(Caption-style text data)
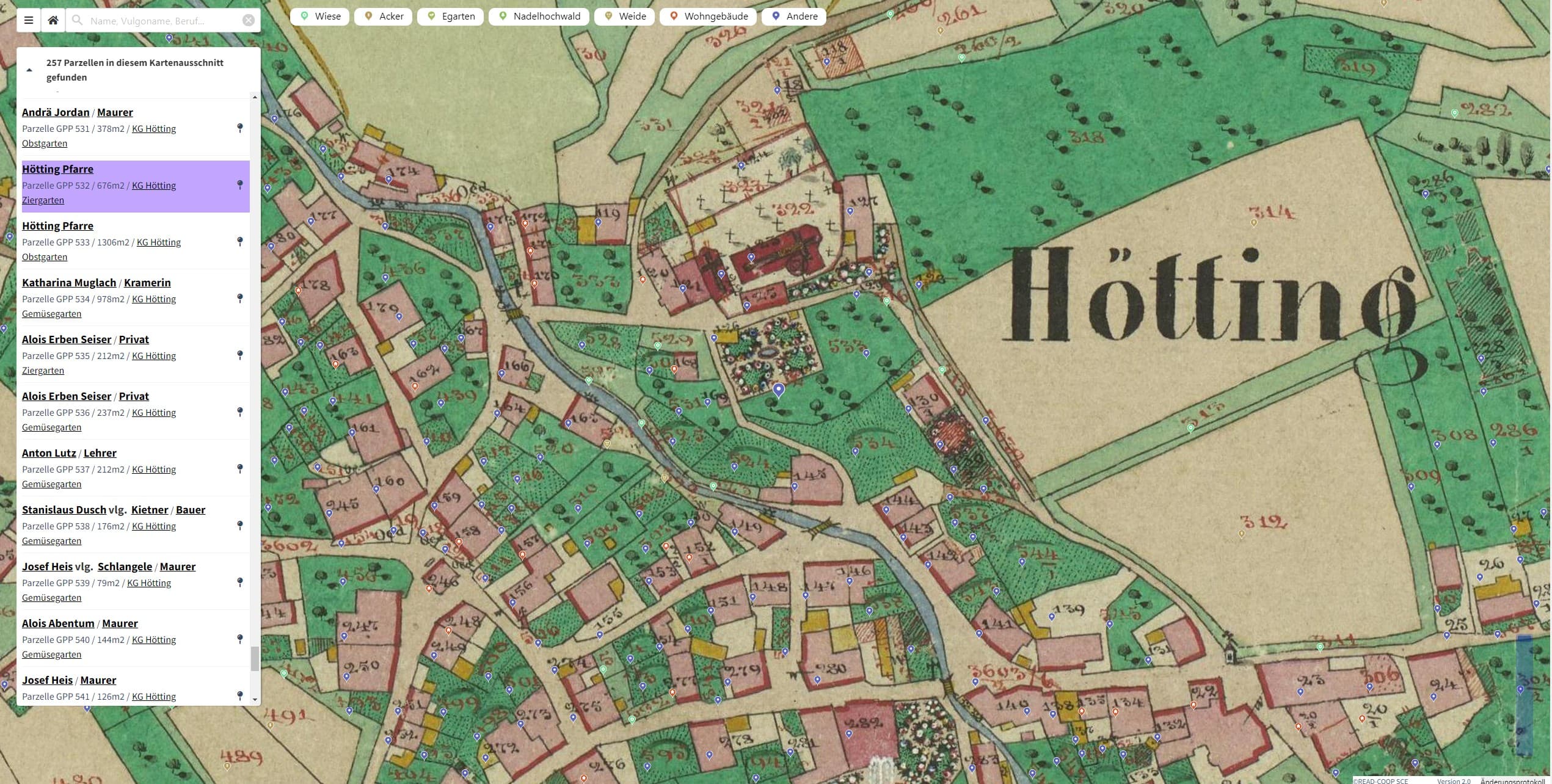 FRANZI - Suche in den Urmappen des Franziszeischen Kataster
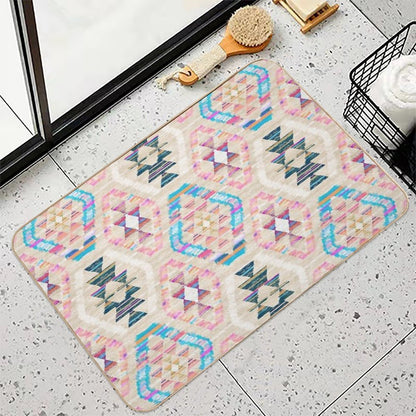 Woven Textured Pastel Kilim Pattern  Anti-Trip Bath Mat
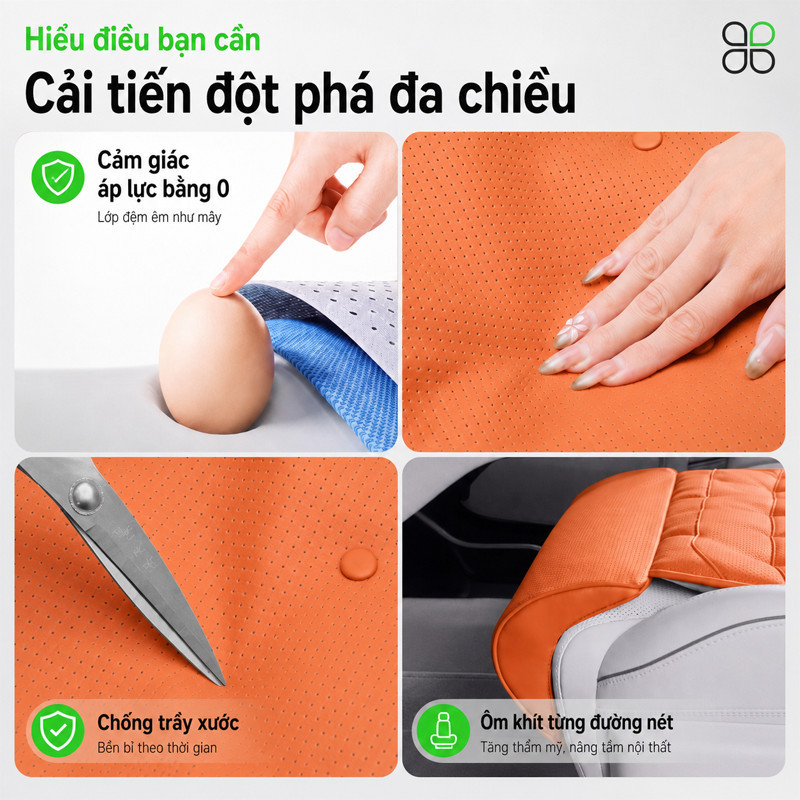Đệm Ngồi Ô Tô Cao Cấp – Lót Ghế Da PU/Nappa, Thoáng Khí, Bảo Vệ Nội Thất, Phụ Kiện Xe Hơi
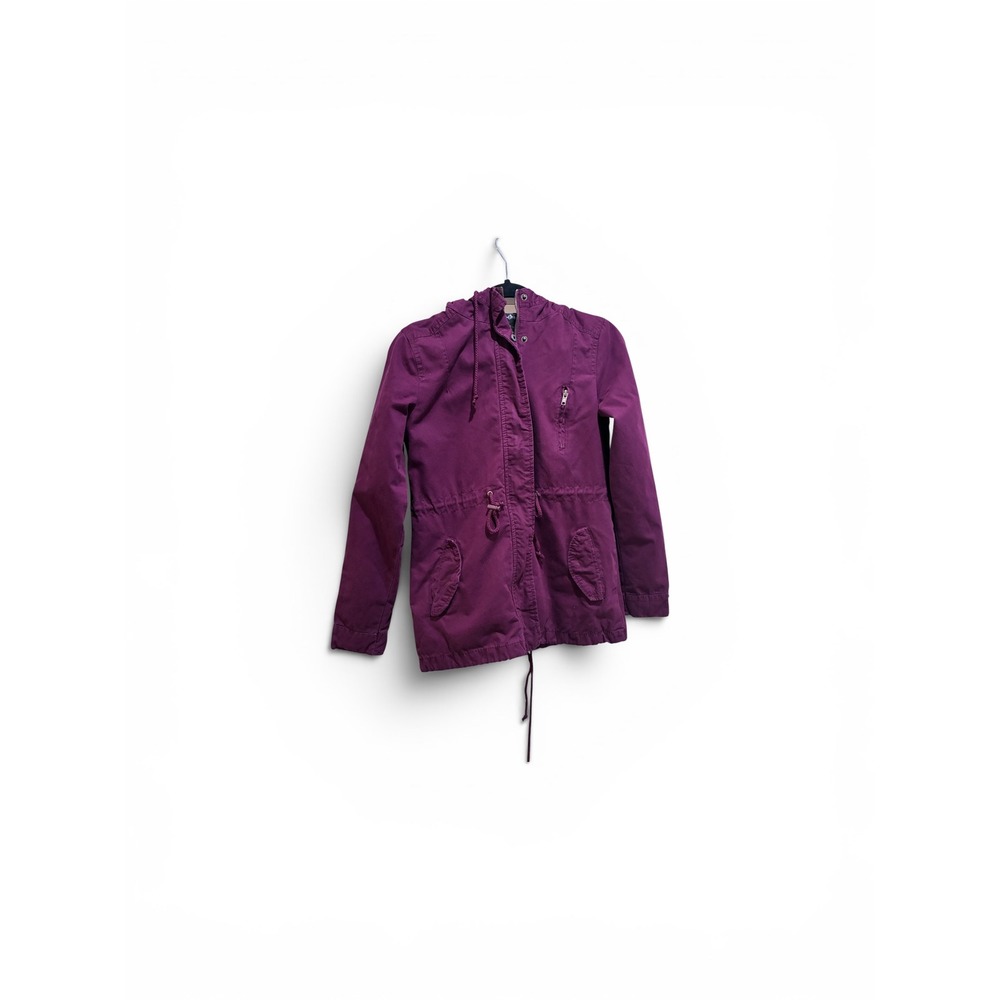 Ambiance Womens Plum Purple‎ Hooded Utility Jacket Parka Drawstring Waist Small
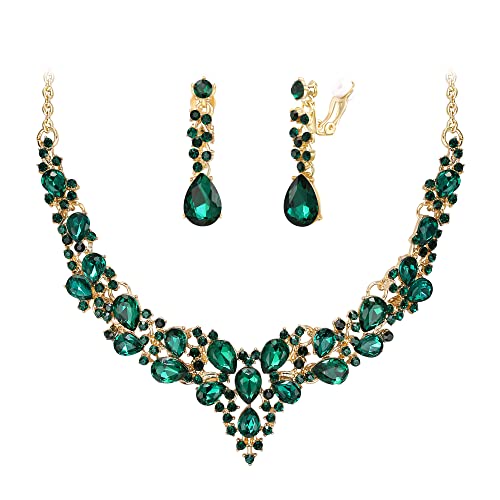 BriLove Alloy Crystal Teardrop Cluster Statement Necklace Clip-on Earrings Set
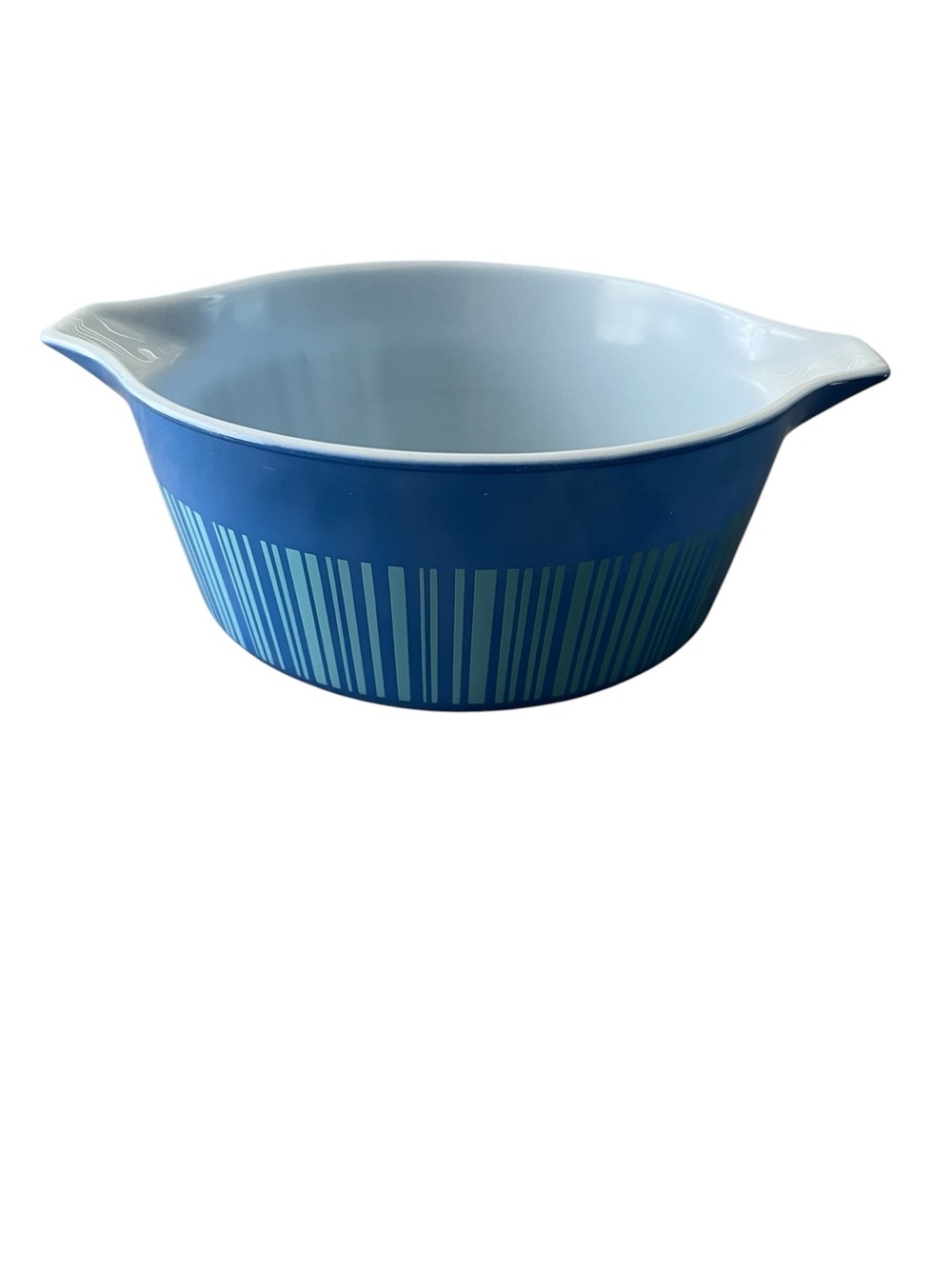 Pyrex Retro Blue Stripe Barcode 2.5 quart Casserole Dish 475-B - no lid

__TO DO__:
Reproduce exactly the lines above from the one with "Ambiance Womens Plum" through the last line of the data, keeping both ends and dropping the pictures.

__REPLY__:
 Ambiance Womens Plum Purple‎ Hooded Utility Jacket Parka Drawstring Waist Small
 BriLove Alloy Crystal Teardrop Cluster Statement Necklace Clip-on Earrings Set
 Pyrex Retro Blue Stripe Barcode 2.5 quart Casserole Dish 475-B - no lid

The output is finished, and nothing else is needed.